Semi-Supervised Learning

  • Vector-valued Manifold Regularization Authors: Ha Quang Minh; Vikas Sindhwani
    We consider the general problem of learning an unknown functional dependency, f : X->Y, between a structured input space X and a structured output space Y, from labeled and unlabeled examples. We formulate this problem in terms of data-dependent regularization in Vector-valued Reproducing Kernel Hilbert Spaces (Micchelli & Pontil, 2005) which elegantly extend familiar scalar-valued kernel methods to the general setting where Y has a Hilbert space structure. Our methods provide a natural extension of Manifold Regularization (Belkin et al., 2006) algorithms to also exploit output inter-dependencies while enforcing smoothness with respect to input data geometry. We propose a class of matrix-valued kernels which allow efficient implementations of our algorithms via the use of numerical solvers for Sylvester matrix equations.

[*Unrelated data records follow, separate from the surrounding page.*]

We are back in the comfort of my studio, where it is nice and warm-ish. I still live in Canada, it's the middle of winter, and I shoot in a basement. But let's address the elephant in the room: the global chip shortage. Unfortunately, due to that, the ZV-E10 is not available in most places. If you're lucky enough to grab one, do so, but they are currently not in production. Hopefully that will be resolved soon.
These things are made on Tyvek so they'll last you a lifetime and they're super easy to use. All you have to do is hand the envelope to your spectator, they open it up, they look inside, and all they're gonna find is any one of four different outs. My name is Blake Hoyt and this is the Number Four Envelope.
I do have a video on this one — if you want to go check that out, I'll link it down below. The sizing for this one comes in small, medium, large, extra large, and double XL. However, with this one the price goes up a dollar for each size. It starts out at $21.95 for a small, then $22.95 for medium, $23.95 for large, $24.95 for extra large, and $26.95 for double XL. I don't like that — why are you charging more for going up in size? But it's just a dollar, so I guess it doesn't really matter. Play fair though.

On multilabel image annotation and text classification problems, we find favorable empirical comparisons against several competing alternatives.

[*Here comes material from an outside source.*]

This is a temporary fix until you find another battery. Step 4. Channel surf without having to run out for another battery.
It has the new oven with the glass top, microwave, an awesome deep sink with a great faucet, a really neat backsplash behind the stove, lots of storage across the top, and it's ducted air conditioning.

  • Semi-supervised Penalized Output Kernel Regression for Link Prediction Authors: Céline Brouard; Florence D'Alche-Buc; Marie Szafranski
    Link prediction is addressed as an output kernel learning task through semi-supervised Output Kernel Regression. Working in the framework of RKHS theory with vector-valued functions, we establish a new representer theorem devoted to semi-supervised least square regression. We then apply it to get a new model (POKR: Penalized Output Kernel Regression) and show its relevance using numerical experiments on artificial networks and two real applications using a very low percentage of labeled data in a transductive setting.

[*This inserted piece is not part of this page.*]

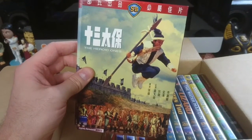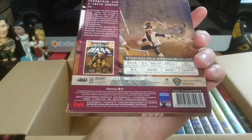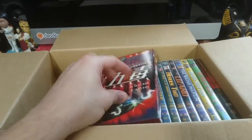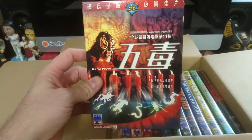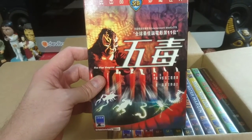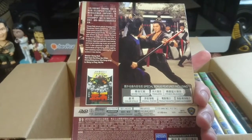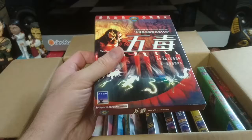The Heroic Ones — love the art on those. Next one: The Five Venoms, also known as The Five Deadly Venoms. Now that's one I already have on a local Dragon Dynasty release, so I will most likely keep this IVL edition. The slip is really cool.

  • Access to Unlabeled Data can Speed up Prediction Time Authors: Ruth Urner; Shai Shalev-Shwartz; Shai Ben-David
    Semi-supervised learning (SSL) addresses the problem of training a classifier using a small number of labeled examples and many unlabeled examples. Most previous work on SSL focused on how availability of unlabeled data can improve the accuracy of the learned classifiers. In this work we study how unlabeled data can be beneficial for constructing faster classifiers. We propose an SSL algorithmic framework which can utilize unlabeled examples for learning classifiers from a predefined set of fast classifiers. We formally analyze conditions under which our algorithmic paradigm obtains significant improvements by the use of unlabeled data. As a side benefit of our analysis we propose a novel quantitative measure of the so-called cluster assumption. We demonstrate the potential merits of our approach by conducting experiments on the MNIST data set, showing that, when a sufficiently large unlabeled sample is available, a fast classifier can be learned from much fewer labeled examples than without such a sample.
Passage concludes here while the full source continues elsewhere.